→ Instructions for the task
Set down only what runs from the line containing "Bibi black sequin" through the last line of the data, exactly as it reads.

Short descriptive text snippets
-=-=-=-=-

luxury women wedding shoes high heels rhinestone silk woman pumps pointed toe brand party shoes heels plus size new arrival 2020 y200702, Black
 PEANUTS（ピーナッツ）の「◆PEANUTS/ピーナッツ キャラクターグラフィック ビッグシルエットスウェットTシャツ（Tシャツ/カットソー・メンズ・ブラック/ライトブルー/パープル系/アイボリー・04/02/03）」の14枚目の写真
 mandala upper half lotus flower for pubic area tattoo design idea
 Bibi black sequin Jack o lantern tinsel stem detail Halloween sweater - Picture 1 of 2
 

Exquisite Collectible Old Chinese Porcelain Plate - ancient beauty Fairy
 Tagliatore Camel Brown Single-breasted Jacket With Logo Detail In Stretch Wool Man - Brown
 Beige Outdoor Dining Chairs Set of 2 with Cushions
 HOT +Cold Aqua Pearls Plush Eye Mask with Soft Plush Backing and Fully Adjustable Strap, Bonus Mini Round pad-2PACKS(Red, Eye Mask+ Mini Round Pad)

-=-=-=-=-

→ Answer to the problem
 Bibi black sequin Jack o lantern tinsel stem detail Halloween sweater - Picture 1 of 2
 

Exquisite Collectible Old Chinese Porcelain Plate - ancient beauty Fairy
 Tagliatore Camel Brown Single-breasted Jacket With Logo Detail In Stretch Wool Man - Brown
 Beige Outdoor Dining Chairs Set of 2 with Cushions
 HOT +Cold Aqua Pearls Plush Eye Mask with Soft Plush Backing and Fully Adjustable Strap, Bonus Mini Round pad-2PACKS(Red, Eye Mask+ Mini Round Pad)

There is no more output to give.